Plus: A very nice man. The quizzes every week keep students focused and studying. Seems helpful.

Minus: His command of English is not that great. A lot of the undergraduates found it annoying. I am not claiming that you have to have a masterful command of English to be a good professor -- some of the best professors out there are English-as-a-second-language speakers. But I think it's paramount to have a good English speaker for an introductory level course.

Furthermore, we "ran out" of course material, covering only the first five chapters of Hassett and Stewart, and then treading water for the last three weeks of classes. We not only ran out of course material, but this lack of planning was reflected in the syllabus. (In short, it was built into the course.) I don't know if the earlier instructors did it this way, but the class loses focus when they know that nothing new will be covered for the last three weeks.

Dr. S

Plus: Brilliant in math, probably the best of the mathematicians. Very smart in finance as well. Does not build his test around the "90=A, 80=B" scale but is willing to curve and recognize effort.

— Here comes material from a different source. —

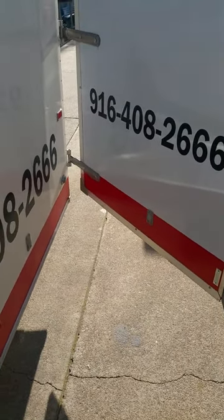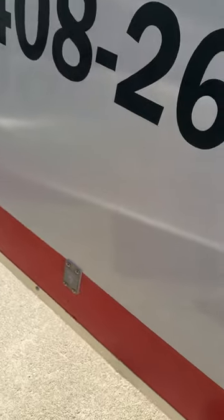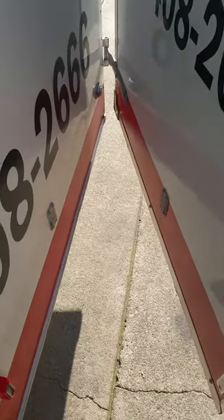Here we are with a quick improvement on the garage door trailer. It previously had this little hook right here that you'd have to reach around to get the door to stay in place — you'd have to reach in and hook it on there. It was made out of heavy-duty plastic and just kept breaking.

Minus: I like the man. I can see what he's trying to get at. As Robert Pirsig might have said, he's trying to turn us into thinkers instead of grade-grubbing robots on automatic pilot. The problem is, it's hard on the first class that gets challenged that way. Since no one knows where the grading scale is, or how well they have to do on a test to succeed, it creates panic in every grade-driven individual in class -- including myself. He's introduced interesting material -- proof of "expected loss", hedging, filtering, an intro to ruin theory in our final class -- but most students, me included, unfortunately only want to know one thing -- "is this going to be on the test?" And if it isn't, they lose interest.

Furthermore, some of the work he puts on the board is...well...wrong. He thinks like a brilliant person, "I can go back and fix the details later". Unfortunately, since we've never been exposed to some of this material, the details have to be done right. It can be very confusing.

Dr. Z

Pluses: An expert in his field. Homework is automatically checked with a "100 percent" as I think he's too busy to look at it. Tests are multiple choice, review is very easy. No surpises.

Minuses: No surprises. He rarely, if ever, diverges from the course material or tries to present it in a new light. No new philosophy is represented. In short, if you can read and understand the text, there's no reason to attend any of his classes.

Tomorrow, I'll probably report on one of the obstacles I'll face in a successful graduate career. A clue is in the first line I've typed.